3/23/2011 11:54:10 AM
Ok, crap. I found this program which seems to do exactly what I want. It dismounts and spins down the drive as desired. The drive can be recovered through the same program by clicking "Scan for hardware changes", which spins up and mounts the drive...but then it spins back down within seconds of any activity, as if the power options were set to turn off hard disk after two seconds, so doing anything on the drive has it constantly spinning down and up again. http://mt-naka.com/hotswap/index_enu.htm
3/23/2011 12:32:51 PM
if the drive is that loud it's probably about to fail.Or it's an old western digital
3/23/2011 12:38:50 PM
I don't think so. But, if you are right, then shutting it down for more of the day should extend its life.
3/23/2011 2:40:14 PM
not really... everything I've seen on it says that power cycles are the killers, not use. Drives get closer to their MTBF by being constantly operating with good power supplies.
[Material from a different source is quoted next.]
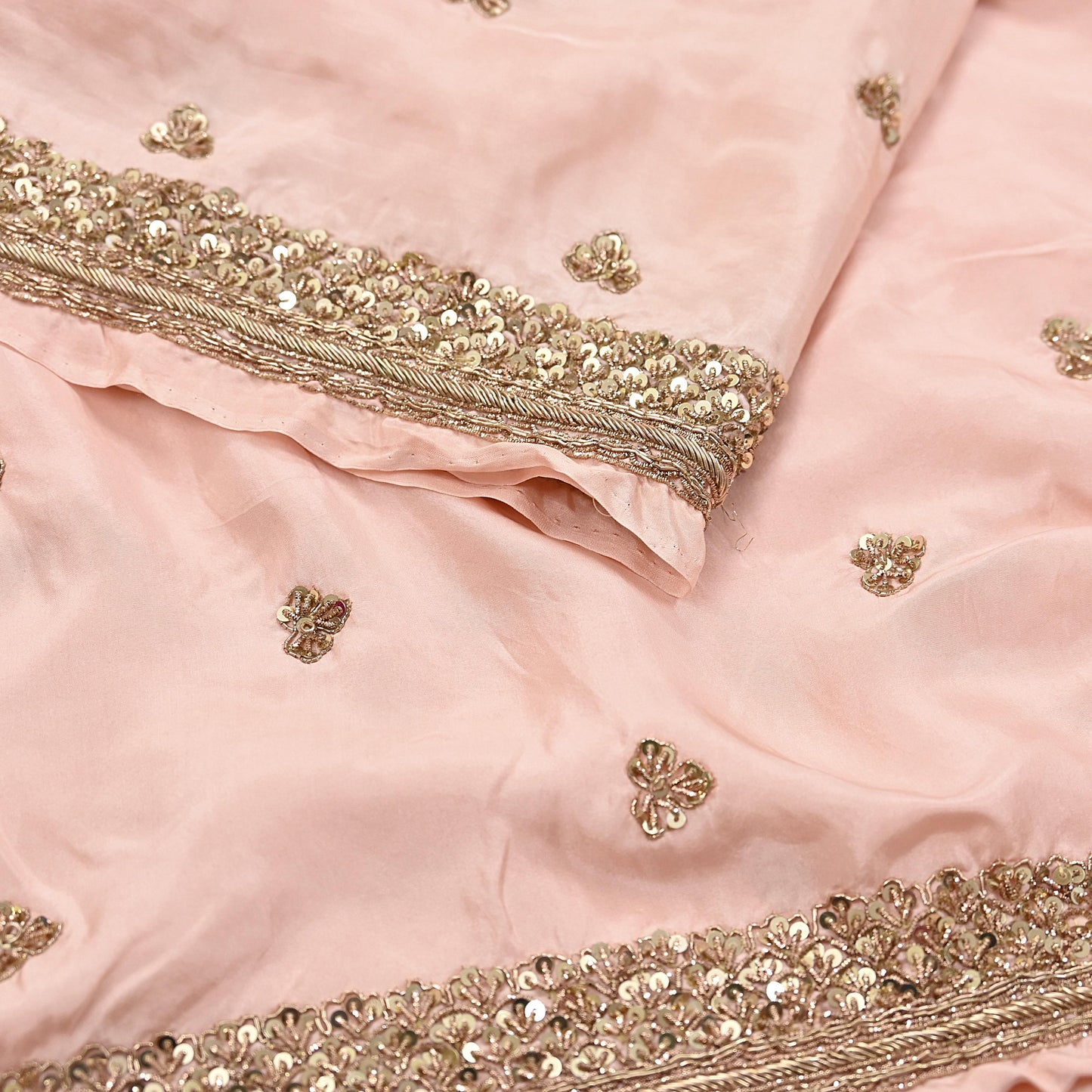 Rare Vintage Peach Pure Silk Saree Zardozi Hand Embroidered Designer Sabyasachi Sari 5.5 Yard Bollywood Party Wear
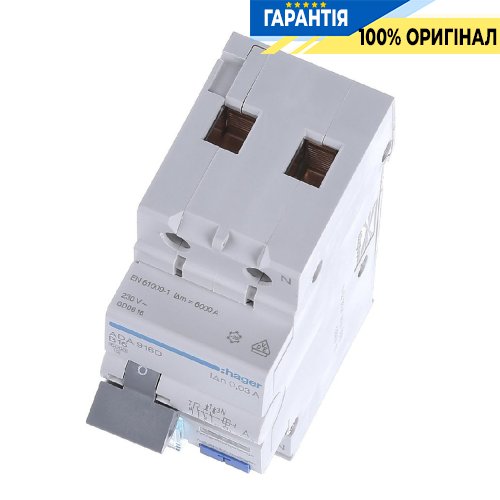 Дифавтомат 1P+N, 6kA, C-10A, 300mA, A, Hager (Хагер) AFA960D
But whatever I read was probably 3-5 years ago - that could have changed.
3/23/2011 2:43:23 PM
I never had a problem with a hard drive until I enabled the power settings that had my drive spin up and down. Obviously, your mileage my vary.Also, did you just recently install Windows 7?
3/23/2011 4:39:20 PM
Nope. Installed Win7 when it came out.
3/23/2011 4:42:33 PM
if the drive is being spun back up either A) something is accessing it or B) theres something fubared with the drive's firmware.grab process monitor: http://technet.microsoft.com/en-us/sysinternals/bb896645fire it up and wait for your drive to spin down. Note the time (or maybe clear process monitor)Then wait for the disk to spin back up and search through process monitor to figure out what was using the disk. You should be able to create a file filter (Path contains X:\ or w/e drive letter) which should show you waht procs are accessing the drive.